Poi, tornando sul tema dell’indicatore IPCA, Maurizio Landini ha aggiunto: “Trovo singolare che, fino a che non c’era il costo dell’energia a questi livelli andavano benissimo anche quegli indicatori, perché quei vantaggi erano serviti all’impresa ad aumentare i profitti (ovvero, lo “sterco del diavolo”, secondo il sindacalista, ndr) e adesso che si apre un altro tema, e che quegli indicatori riducono anche i salari dei lavoratori, si dice che vanno benissimo perché non è il momento di redistribuire i profitti che, nel frattempo, hanno fatto sul lavoro dei lavoratori”.
Che vi siano dei problemi molto seri è evidente; così vanno comprese le preoccupazioni dei sindacati. Ma basterebbe riflettere sulla vicenda della “scala mobile” (l’indicizzazione automatica delle retribuzioni al costo della vita) per rendersi conto di un dato ineludibile: se si innescasse una rincorsa delle retribuzioni a trend inflazionistici tanto accelerati si finirebbe in breve – consolidandone i corsi – per arrivare a tassi insostenibili per l’economia e la competitività dell’apparato produttivo. In sostanza, sotto queste “forche caudine” il paese è già passato (e ha rischiato di rimanervi intrappolato) e si è reso conto che l’inflazione è la vera nemica dei percettori di un reddito fisso. Diventa difficile, però, chiedere ai lavoratori di avere pazienza, perché in attesa di una nuova fase di rinnovo dei contratti nazionali con piattaforme che hanno mandato a quel paese l’IPCA, potrebbero scatenarsi rivendicazioni purchessia a livello di impresa, favorite dalle tensioni presenti sul mercato del lavoro dal lato dell’offerta.
In questo quadro abbastanza complesso forse potrebbe servire una manovra di natura fiscale, magari transitoria in vista delle possibili evoluzioni della crisi.

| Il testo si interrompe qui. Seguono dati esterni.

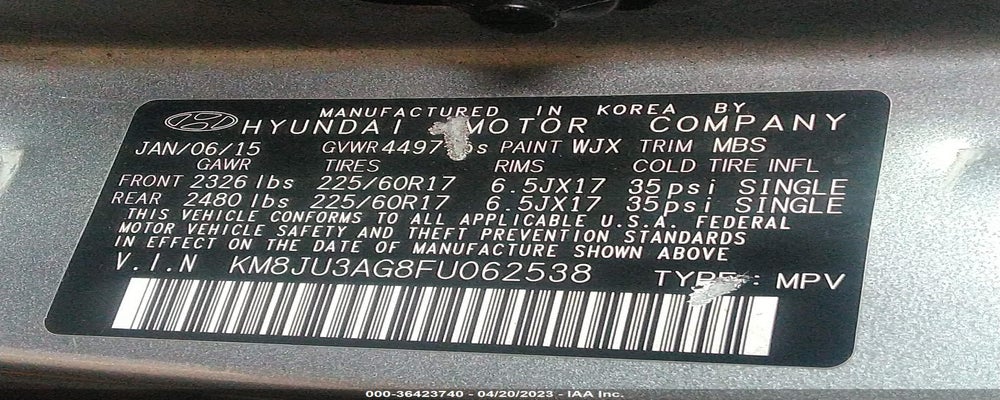 KM8JU3AG8FU062538 2015 HYUNDAI TUCSON photo no. 9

Nel 2022, grazie alla riforma dell’IRPEF, variano anche le soglie di reddito per la no tax area. Per i pensionati niente tasse fino a 8.500 euro di reddito da pensione, per i redditi da lavoro autonomo o assimilato la no tax area sale a 5.500 euro. Per i lavoratori dipendenti, invece, rimane a 8.000 euro. Per questi ultimi (almeno) la no tax area potrebbe essere aumentata (sulla base di un indicatore medio) in rapporto a quanto incide sull’inflazione l’incremento dei prezzi dell’energia. Peraltro le imposte si pagano l’anno dopo per quello precedente e così si opererebbe a posteriori su dati di fatto. A chi scrive, una misura siffatta sembrerebbe più sostenibile ed efficace (comunque complementare) rispetto ai ripetuti stanziamenti per alleggerire l’onere delle bollette per le famiglie e le imprese.